I'm really looking forward to this. It appears we're going to have 50-75 people show up to watch and party. We've got people coming from Vancouver, Winnipeg, around Alberta, and as far away as Mexico. We better not suck.

A friend offered his acreage for the venue (and we've rented a community hall as a rain backup).

Our keyboard player passed away a few years ago, so I'll be doing double duty, but found an old friend to fill in on the guitar as needed. 

We've put about 30 songs on the list, although we'll only have a couple of practices, thanks to the joys of the internet we've been able to distribute the charts ahead of time.

Most of us have been playing pretty steadily over the years, so I'm not too concerned about us getting it back together. I'd feel better if we had a few more practices, but what the hell, it should be great fun.

And as our bass player said, this is probably the only chance we'll have to do something like this.

As I said above, we better not suck, lol.


----------



## djem (Sep 14, 2006)

Wow......40 years! And here I am complaining that I feel like an old guy being born in 1966....lol.

Good luck Don. Good idea to have a hall booked just in case of rain.

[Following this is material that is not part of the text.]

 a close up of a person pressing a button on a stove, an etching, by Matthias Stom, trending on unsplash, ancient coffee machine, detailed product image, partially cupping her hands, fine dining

Make sure to post some pics, sound clips, etc for us to enjoy.


----------



## simescan (May 15, 2007)

That looks like fun dwagar,...you're probably putting a little too much worry into it,...relax and enjoy...:rockon2:


----------



## dwagar (Mar 6, 2006)

Thanks guy, yes, we intend to get lots of pix and our singer's father is going to shoot a video, I'm not sure what sound quality will turn out like off a small video camera though, have to wait and see.


----------



## james on bass (Feb 4, 2006)

That's awesome!! Have fun.

:rockon2:










:rockon:


----------



## dwagar (Mar 6, 2006)

well, the weather cooperated, it was great fun. 40 or 50 people came. We had it at a friend's farm. Played 23 or 24 songs. Didn't suck too bad, haha.


----------



## esp_dsp (Feb 27, 2007)

haha nice tractor =P sounds like fun to get back together and lay down some tunes!


----------



## dwagar (Mar 6, 2006)

yeah, we thought the old Case was a cool backdrop.

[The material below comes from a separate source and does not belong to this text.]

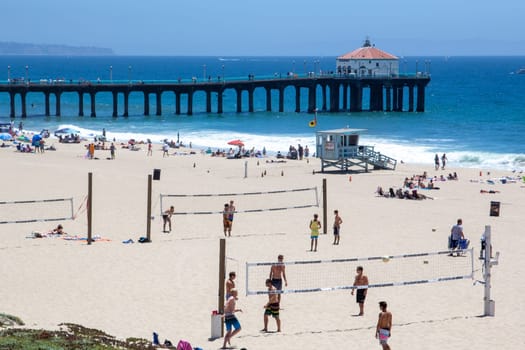 Redondo Beach, USA - June 24, 2012:  people enjoy the  beautiful beach in Redondo beach  with volleyball courts and old wooden pier, Los Angeles, USA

and yes, it was a lot of fun. Real short on the practice time, but we've all kept playing over the years and used chord and lyric sheets.


----------



## RIFF WRATH (Jan 22, 2007)

Darn it I missed it.
great it worked out.
cheers
RIFF


----------



## csrMark (Jul 14, 2007)

WOW........ how many guys had their chops up and how many didn't?:sport-smiley-002:


----------



## dwagar (Mar 6, 2006)

chops?

The only drawback we had was dealing with lack of practices, we only had time for 2 - 3 hr practices (Fri night and Sat night) before we played on Sunday. With one guy from Winnipeg, one from Vancouver and one from Calgary, this was the only time we had to get together. 

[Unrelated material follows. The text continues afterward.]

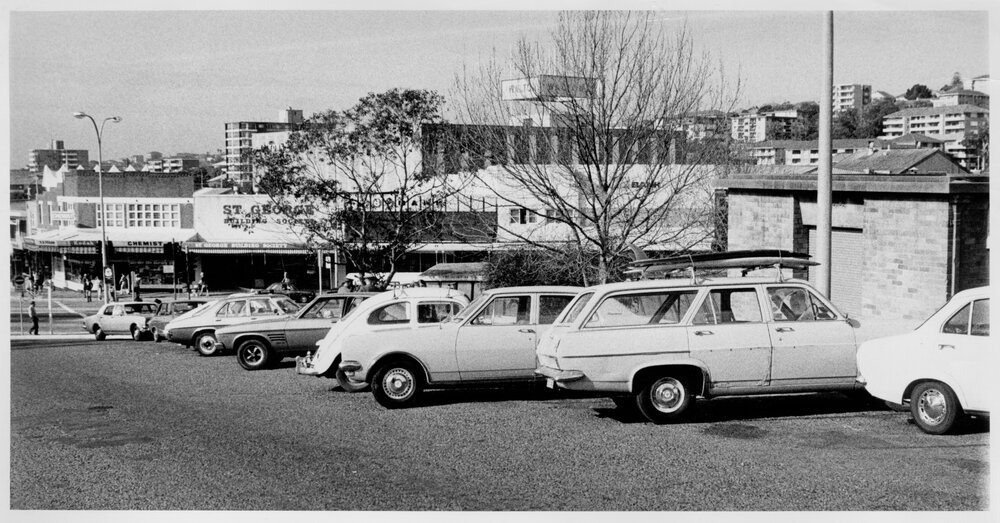 Looking east from the library carpark towards Pittwater Road and Howard Avenue, Dee Why, c1970s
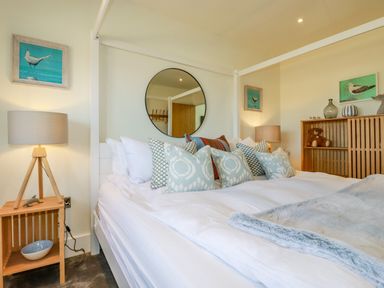 A bedroom with a white canopy bed with multiple pillows a wooden side table with a lamp a wooden cabinet with decorations and paintings on the walls at Stargazers in Sennen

As far as musicians go, we didn't have any problems. Our singer sat in on keys for a lot of the songs, but he's not a keyboard player, just quiet chording. Our bass player's career is in the Winnipeg symphony orchestra, our steel player plays pro, our drummer and rhythm guitarist play on a regular basis, and I've been playing every week for over 15 years. 

We just didn't have the practice time to polish 24 songs with 6 hours of practice, but were able to pull them off to a reasonable level.


----------